The City of Chicago’s Department of Transportation (CDOT) has been conducting this study, in a collaborative effort with extensive participation from Amtrak (the station’s owner), Metra (the station’s primary tenant), and other stakeholders. It has been in progress since December of 2010.
Chicago Union Station now often operates close to capacity. Continuing growth in both commuter rail service and Amtrak long distance and intercity passenger rail service, combined with the potential for future growth in high-speed intercity passenger rail, has compelled the City of Chicago and affected railroads to consider future options for accommodating further growth in station traffic.
Chicago Union Station (CUS) is one of the region’s key transportation facilities and economic drivers. It is the third-busiest railroad terminal in the United States, serving over 300 trains per weekday carrying about 120,000 arriving and departing passengers – a level of passenger traffic that would rank it among the ten busiest airports in the U.S. Most travelers at CUS take Metra commuter trains. The Station is also the hub of Amtrak’s network of regional trains serving the Midwest as well as most of the nation’s overnight trains, which connect to the Atlantic, Gulf, and Pacific coasts. Today’s Station originally opened in 1925, and significant alterations were made to the Concourse level, located east of Canal Street, in 1970. Most passenger station activities today take place in the Concourse. Soon after Amtrak was established in 1971, it concentrated all intercity passenger train operations in Chicago at Union Station. Amtrak gained ownership of Chicago Union Station in 1984 and completed a major re-modeling in 1992. Amtrak is planning further improvements to both the Concourse and the headhouse in 2012 and beyond. CDOT’s planning efforts will assist Amtrak in preparing for these improvements.
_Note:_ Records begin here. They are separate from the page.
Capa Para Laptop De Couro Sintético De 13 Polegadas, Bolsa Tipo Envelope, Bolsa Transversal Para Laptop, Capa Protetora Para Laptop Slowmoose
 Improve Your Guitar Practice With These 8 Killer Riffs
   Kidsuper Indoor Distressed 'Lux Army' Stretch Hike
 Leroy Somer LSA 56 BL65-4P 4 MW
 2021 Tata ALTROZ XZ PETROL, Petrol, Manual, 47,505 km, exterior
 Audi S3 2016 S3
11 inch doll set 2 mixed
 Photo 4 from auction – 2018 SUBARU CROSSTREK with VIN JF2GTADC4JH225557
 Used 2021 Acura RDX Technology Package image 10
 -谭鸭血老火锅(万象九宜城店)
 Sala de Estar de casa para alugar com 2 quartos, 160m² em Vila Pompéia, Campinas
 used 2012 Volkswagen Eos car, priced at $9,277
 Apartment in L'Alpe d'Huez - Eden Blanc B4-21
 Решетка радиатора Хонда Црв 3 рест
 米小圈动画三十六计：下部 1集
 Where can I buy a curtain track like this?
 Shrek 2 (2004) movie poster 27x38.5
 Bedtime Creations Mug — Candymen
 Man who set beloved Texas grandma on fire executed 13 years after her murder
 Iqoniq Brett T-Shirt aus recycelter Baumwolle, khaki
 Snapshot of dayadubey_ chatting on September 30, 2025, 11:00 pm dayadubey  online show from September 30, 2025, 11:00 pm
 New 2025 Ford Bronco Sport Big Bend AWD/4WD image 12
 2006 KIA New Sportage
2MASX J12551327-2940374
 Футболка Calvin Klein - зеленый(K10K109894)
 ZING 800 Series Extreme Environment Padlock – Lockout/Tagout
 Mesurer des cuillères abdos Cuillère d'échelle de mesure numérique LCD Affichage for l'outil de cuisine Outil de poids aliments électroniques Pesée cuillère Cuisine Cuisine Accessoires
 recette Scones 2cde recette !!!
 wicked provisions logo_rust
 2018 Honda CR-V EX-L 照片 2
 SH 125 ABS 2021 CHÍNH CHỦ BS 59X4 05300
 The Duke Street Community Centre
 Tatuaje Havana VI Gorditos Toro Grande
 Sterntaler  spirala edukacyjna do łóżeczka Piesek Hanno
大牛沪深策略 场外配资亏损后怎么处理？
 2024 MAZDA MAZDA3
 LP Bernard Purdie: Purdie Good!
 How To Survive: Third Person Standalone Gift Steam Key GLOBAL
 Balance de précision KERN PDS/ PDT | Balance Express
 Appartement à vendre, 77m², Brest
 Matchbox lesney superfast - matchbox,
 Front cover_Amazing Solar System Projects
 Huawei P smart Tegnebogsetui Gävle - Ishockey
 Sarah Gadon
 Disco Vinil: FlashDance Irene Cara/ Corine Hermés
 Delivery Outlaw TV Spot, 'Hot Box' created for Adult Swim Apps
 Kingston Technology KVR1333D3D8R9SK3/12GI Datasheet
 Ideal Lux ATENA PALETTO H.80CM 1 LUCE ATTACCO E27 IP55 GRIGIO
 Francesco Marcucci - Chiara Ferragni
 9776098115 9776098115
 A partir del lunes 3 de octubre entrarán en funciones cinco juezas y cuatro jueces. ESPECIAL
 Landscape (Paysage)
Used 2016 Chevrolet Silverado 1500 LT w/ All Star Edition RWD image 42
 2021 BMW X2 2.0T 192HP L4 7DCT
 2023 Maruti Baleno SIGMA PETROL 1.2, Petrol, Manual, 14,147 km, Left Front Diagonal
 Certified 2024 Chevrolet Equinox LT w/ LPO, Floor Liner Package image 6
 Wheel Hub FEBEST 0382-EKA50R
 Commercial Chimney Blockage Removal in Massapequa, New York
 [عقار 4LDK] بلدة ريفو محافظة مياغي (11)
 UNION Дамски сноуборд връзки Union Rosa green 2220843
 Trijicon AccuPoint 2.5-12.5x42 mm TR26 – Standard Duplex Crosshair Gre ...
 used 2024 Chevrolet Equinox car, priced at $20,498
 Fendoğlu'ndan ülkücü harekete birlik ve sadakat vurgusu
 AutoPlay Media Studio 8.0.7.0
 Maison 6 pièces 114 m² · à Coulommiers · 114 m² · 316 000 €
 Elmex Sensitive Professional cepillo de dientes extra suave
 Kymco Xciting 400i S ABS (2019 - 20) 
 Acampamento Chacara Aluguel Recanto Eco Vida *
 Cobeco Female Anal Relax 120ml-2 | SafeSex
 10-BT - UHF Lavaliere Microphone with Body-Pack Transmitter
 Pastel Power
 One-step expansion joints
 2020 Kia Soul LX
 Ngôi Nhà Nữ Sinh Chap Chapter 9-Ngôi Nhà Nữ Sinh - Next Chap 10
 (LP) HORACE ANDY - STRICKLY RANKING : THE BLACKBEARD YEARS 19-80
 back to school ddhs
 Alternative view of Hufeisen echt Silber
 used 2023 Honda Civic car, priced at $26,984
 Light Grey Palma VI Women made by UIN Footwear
The Master Plan Study has identified potential ideas for adding tracks and platforms, as well as possible opportunities for improving passenger flows. Short, medium, and long-term opportunities have been identified ranging from re-purposing platforms originally designed for handling mail, to better connections to other rail and transit services, to the construction of new multilevel subways.
The Final Report of the first stage of the Study was issued in May, 2012 and is available for download at the link on the right side of this page and the “Reports” tab above.
The second stage of the Study started in December, 2012. This work will include three key components:
1) A train operations simulation model of existing and possible future conditions at Chicago Union Station (CUS)
2) A pedestrian flow model of existing and possible future conditions within CUS’s passenger areas
3) A street traffic simulation model of existing and possible future conditions on 40 blocks surrounding CUS
The goal of this stage of the Study will be to establish a robust technical case for implementing the Stage 1 Study’s “medium term” recommendations as soon as possible, and it will determine just how much capacity (i.e., how many years of growth) these improvements are likely to accommodate.
It is anticipated that this stage of the Study will be completed in mid 2014. Work products will be posted to the website as they are approved.